**Problem details**.
In the data below, the answer is the run of lines from the line containing "FRESH CUT ROSES REFILL OIL" through the line containing "Календула Масло (Calendula Oil) из США", both included; print it exactly and nothing else.

::: Listed entries

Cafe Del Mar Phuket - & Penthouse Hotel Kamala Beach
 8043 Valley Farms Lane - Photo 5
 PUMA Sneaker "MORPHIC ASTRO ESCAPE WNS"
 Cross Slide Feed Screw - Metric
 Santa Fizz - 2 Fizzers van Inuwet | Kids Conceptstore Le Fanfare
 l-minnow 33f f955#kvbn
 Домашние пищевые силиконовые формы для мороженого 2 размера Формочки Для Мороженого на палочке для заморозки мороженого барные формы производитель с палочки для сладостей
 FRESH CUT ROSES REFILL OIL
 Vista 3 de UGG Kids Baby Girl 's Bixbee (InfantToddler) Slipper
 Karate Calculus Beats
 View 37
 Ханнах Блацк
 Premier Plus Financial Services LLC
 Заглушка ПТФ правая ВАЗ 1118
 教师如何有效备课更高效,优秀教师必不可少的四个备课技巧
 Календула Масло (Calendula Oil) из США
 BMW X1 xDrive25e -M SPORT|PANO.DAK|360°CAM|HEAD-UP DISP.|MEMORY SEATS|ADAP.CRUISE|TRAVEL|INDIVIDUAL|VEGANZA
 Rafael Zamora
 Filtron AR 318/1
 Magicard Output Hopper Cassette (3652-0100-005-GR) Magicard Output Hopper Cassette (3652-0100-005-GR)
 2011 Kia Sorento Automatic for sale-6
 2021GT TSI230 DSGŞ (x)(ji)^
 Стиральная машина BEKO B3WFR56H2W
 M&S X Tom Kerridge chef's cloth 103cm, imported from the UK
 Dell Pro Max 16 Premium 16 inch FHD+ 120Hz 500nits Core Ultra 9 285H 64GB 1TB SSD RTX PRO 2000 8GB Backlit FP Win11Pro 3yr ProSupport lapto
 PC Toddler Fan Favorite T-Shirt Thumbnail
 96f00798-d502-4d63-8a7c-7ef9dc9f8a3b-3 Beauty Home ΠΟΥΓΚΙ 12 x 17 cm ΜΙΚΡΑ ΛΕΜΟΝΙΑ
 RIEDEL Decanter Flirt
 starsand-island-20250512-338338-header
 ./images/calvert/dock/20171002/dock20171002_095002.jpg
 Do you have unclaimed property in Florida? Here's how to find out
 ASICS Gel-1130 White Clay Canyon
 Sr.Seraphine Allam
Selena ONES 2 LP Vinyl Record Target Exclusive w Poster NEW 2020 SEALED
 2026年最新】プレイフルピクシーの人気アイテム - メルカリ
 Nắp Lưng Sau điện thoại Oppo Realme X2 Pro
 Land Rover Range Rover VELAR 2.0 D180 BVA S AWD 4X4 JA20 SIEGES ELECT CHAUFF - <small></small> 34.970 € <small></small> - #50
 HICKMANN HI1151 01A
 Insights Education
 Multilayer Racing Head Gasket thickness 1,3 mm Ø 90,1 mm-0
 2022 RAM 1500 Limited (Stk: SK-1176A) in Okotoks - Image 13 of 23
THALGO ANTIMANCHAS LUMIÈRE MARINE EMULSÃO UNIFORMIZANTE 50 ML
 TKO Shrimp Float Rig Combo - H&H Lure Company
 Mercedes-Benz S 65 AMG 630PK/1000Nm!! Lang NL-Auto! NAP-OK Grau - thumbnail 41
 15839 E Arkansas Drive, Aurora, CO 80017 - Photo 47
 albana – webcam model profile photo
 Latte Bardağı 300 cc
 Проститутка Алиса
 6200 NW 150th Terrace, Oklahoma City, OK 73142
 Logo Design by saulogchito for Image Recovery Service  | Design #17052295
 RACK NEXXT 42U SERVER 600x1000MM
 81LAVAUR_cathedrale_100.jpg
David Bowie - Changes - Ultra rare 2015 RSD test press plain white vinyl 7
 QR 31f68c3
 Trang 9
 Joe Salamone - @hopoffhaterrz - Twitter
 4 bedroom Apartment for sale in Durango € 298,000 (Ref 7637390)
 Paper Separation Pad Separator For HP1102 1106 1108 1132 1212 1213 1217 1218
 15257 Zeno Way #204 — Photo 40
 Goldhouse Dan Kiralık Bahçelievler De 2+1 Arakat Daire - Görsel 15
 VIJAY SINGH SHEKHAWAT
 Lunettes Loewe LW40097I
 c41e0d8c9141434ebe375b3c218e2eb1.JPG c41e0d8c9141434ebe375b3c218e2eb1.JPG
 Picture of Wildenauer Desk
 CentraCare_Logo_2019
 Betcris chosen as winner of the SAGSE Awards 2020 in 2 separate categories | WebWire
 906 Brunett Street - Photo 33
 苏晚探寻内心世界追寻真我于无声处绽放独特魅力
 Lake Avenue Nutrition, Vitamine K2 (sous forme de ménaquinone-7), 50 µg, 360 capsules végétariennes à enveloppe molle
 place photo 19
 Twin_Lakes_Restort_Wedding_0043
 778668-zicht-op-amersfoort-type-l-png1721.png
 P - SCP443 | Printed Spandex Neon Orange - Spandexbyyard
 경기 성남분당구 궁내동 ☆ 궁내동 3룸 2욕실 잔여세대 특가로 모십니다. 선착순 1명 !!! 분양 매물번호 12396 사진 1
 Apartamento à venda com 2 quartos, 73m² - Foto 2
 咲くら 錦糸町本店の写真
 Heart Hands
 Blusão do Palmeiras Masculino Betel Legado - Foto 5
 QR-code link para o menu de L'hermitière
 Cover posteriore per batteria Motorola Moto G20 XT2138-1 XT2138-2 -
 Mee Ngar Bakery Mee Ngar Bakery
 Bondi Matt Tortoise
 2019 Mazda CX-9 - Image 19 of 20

::::::

**Answer section**.
 FRESH CUT ROSES REFILL OIL
 Vista 3 de UGG Kids Baby Girl 's Bixbee (InfantToddler) Slipper
 Karate Calculus Beats
 View 37
 Ханнах Блацк
 Premier Plus Financial Services LLC
 Заглушка ПТФ правая ВАЗ 1118
 教师如何有效备课更高效,优秀教师必不可少的四个备课技巧
 Календула Масло (Calendula Oil) из США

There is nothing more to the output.